Work order:
Only the lines from the one holding "Celebrul regizor Oliver" through the end of the material are to be repeated, exactly and without pictures.

Data extract:
Content starts
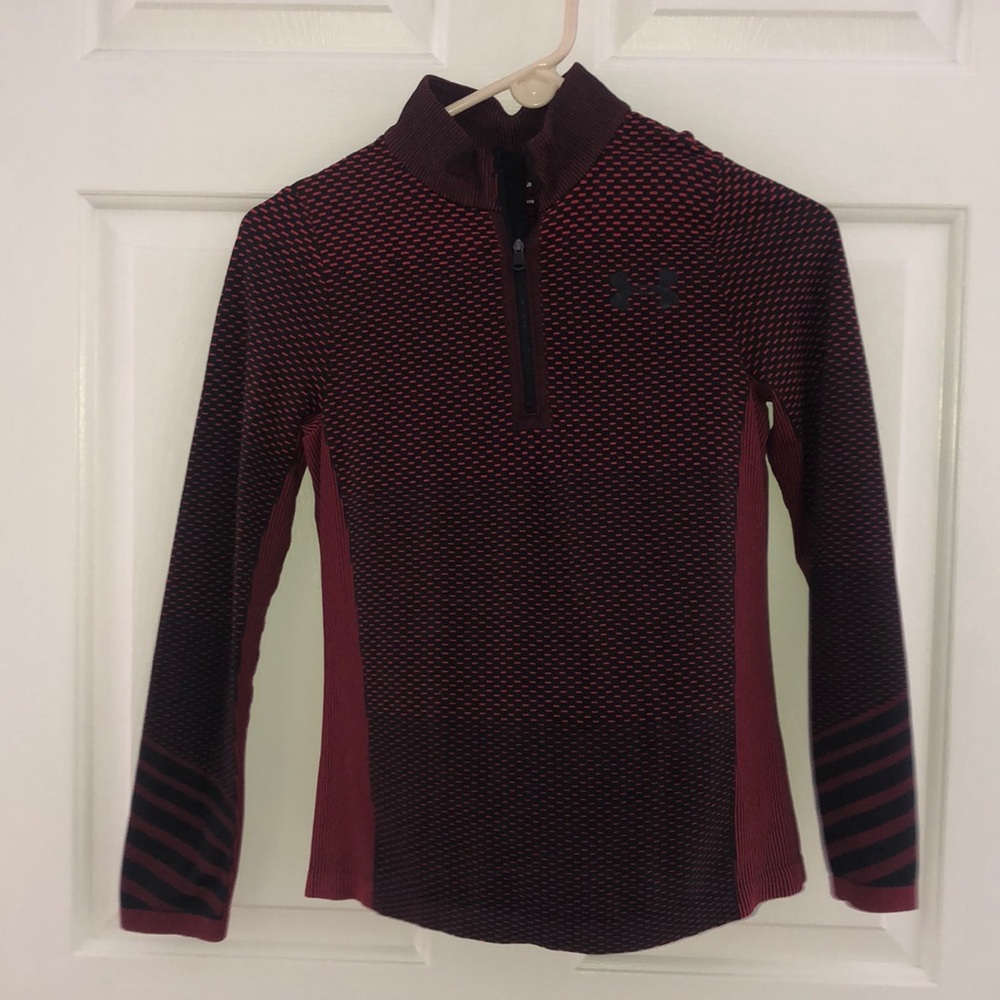 Under Armour pullover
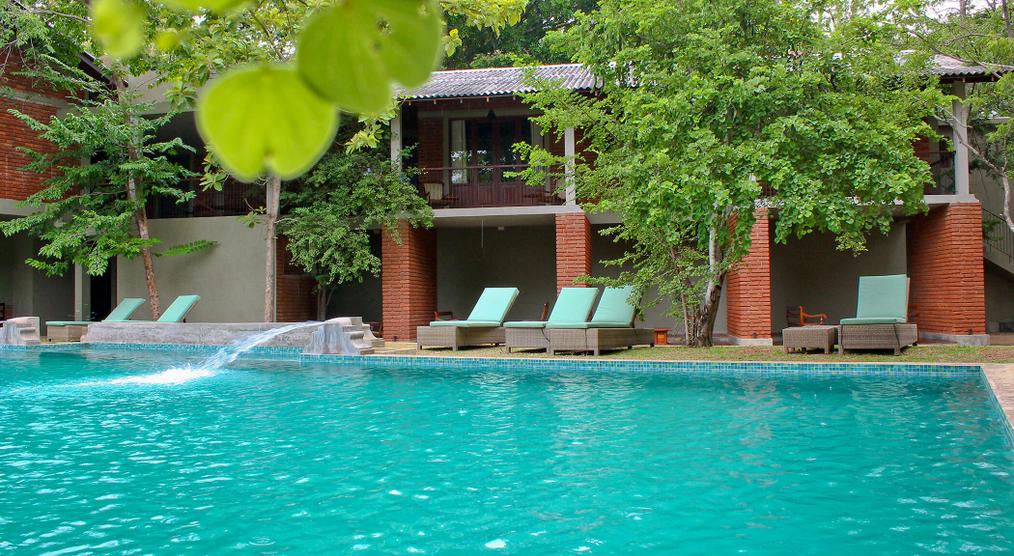 Swimming Pool bei Tag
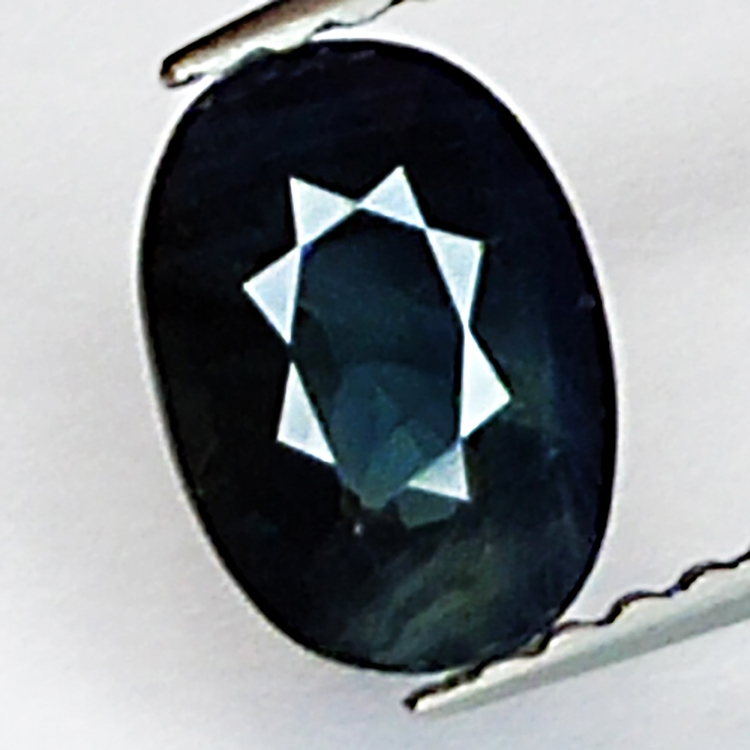 1.08ct Blauer Saphir Ovalschliff 7.1x5.1mm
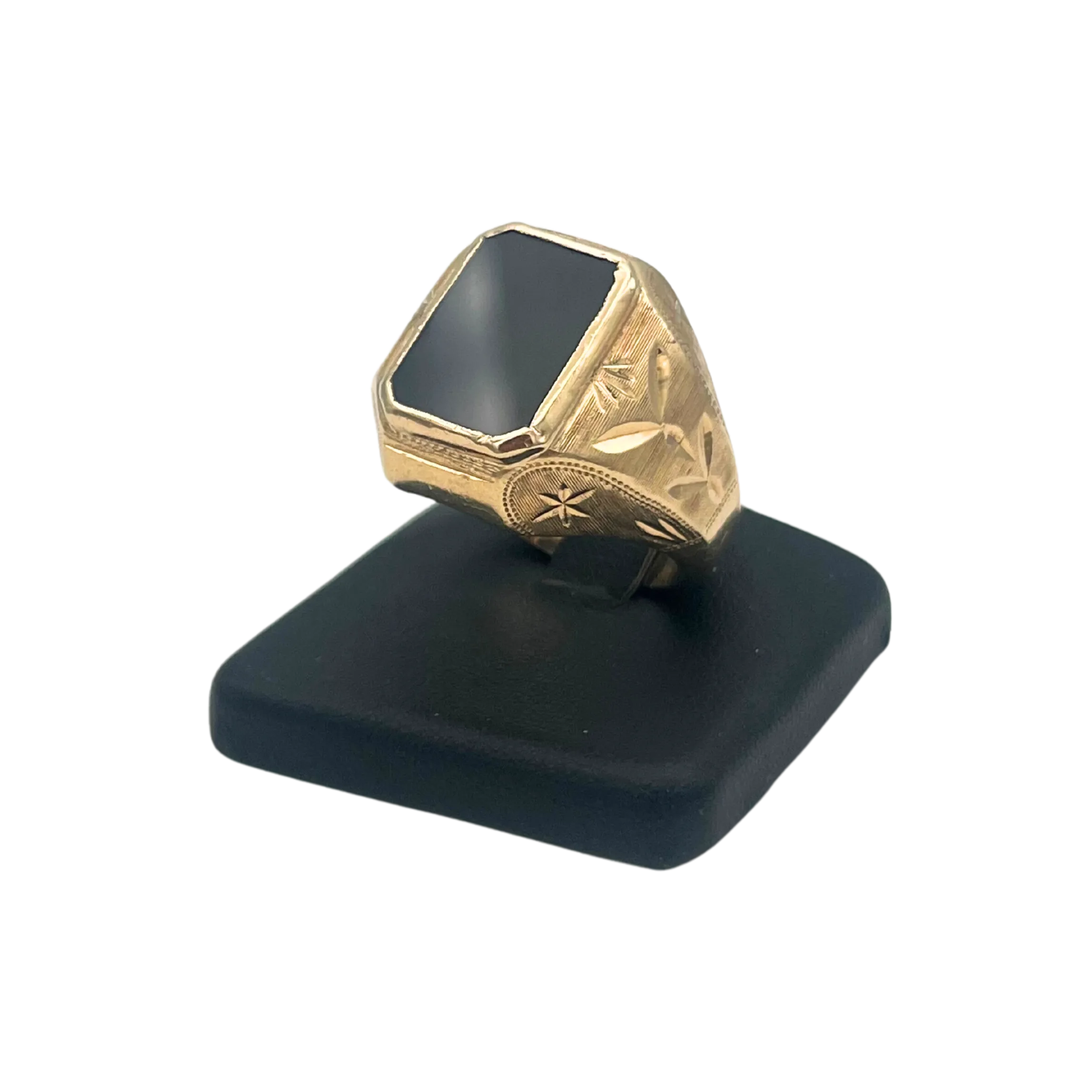 Vintage Men's Heavy 14k Yellow Gold Hand Engraved Onyx Ring
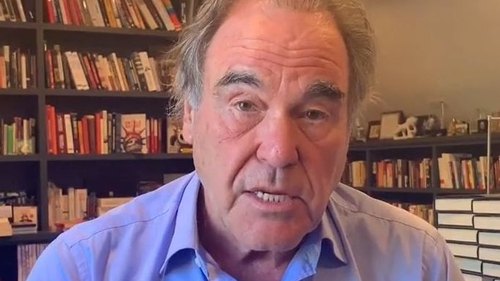 Celebrul regizor Oliver Stone s-a vaccinat cu Sputnik V contra COVID-19. Cum se simte vedeta americană
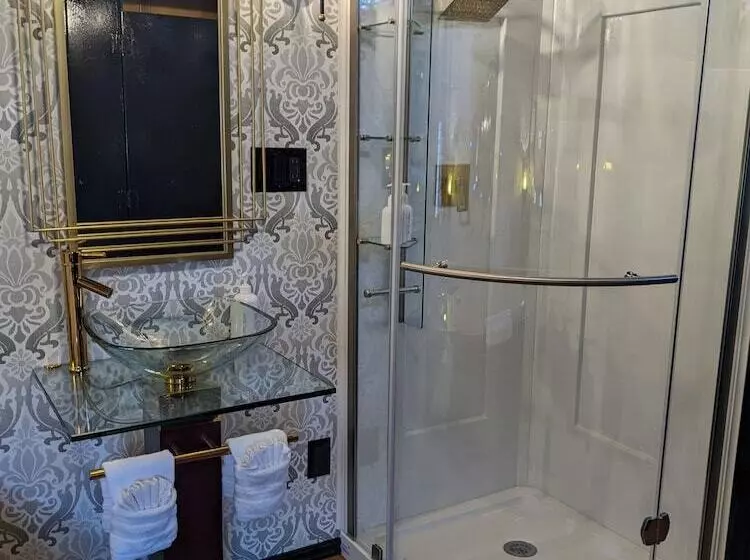 Retkeilymaja Olympic Railway Inn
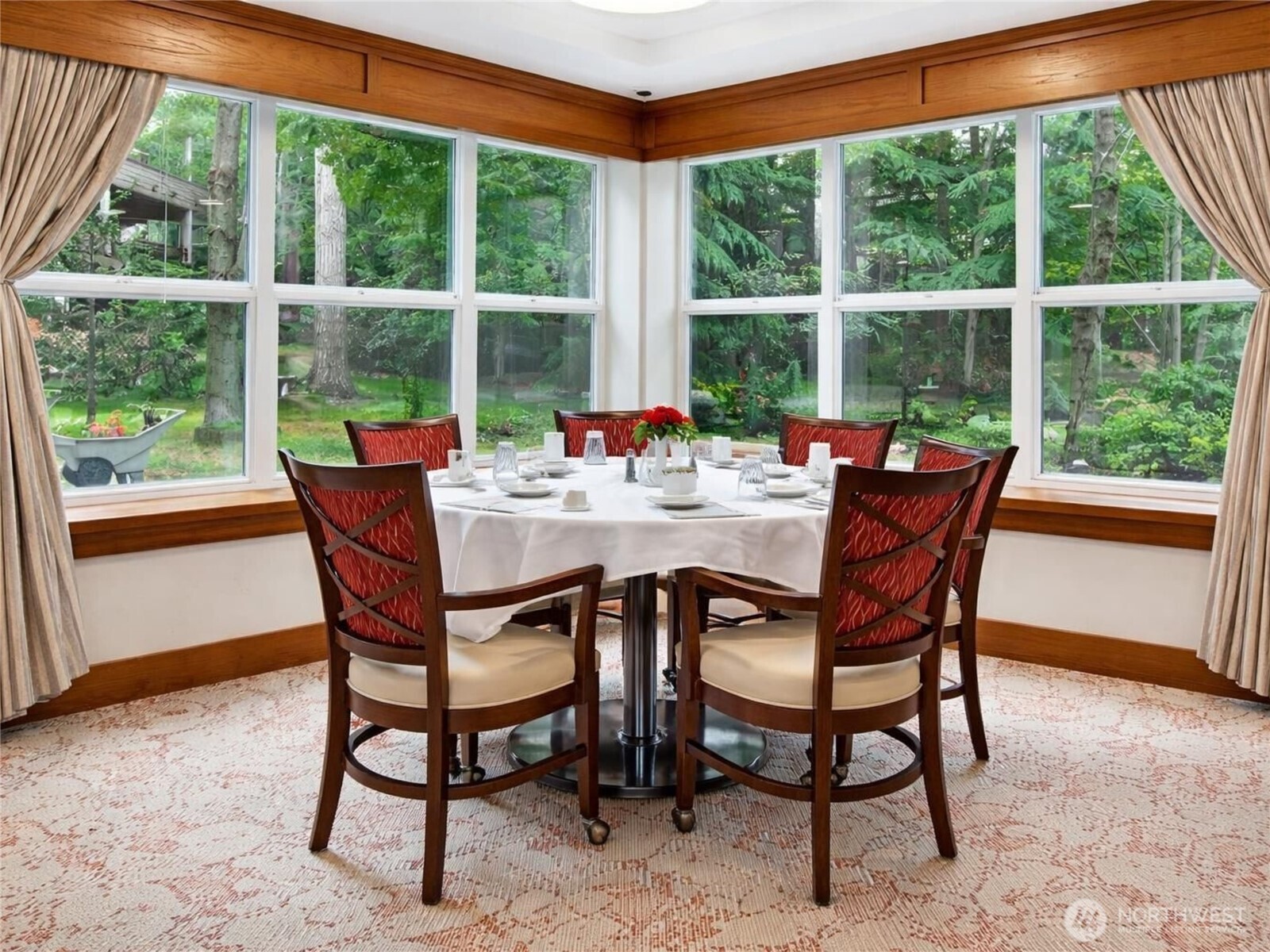 Grand Dining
Content ends
Task answer:
 Celebrul regizor Oliver Stone s-a vaccinat cu Sputnik V contra COVID-19. Cum se simte vedeta americană
 Retkeilymaja Olympic Railway Inn
 Grand Dining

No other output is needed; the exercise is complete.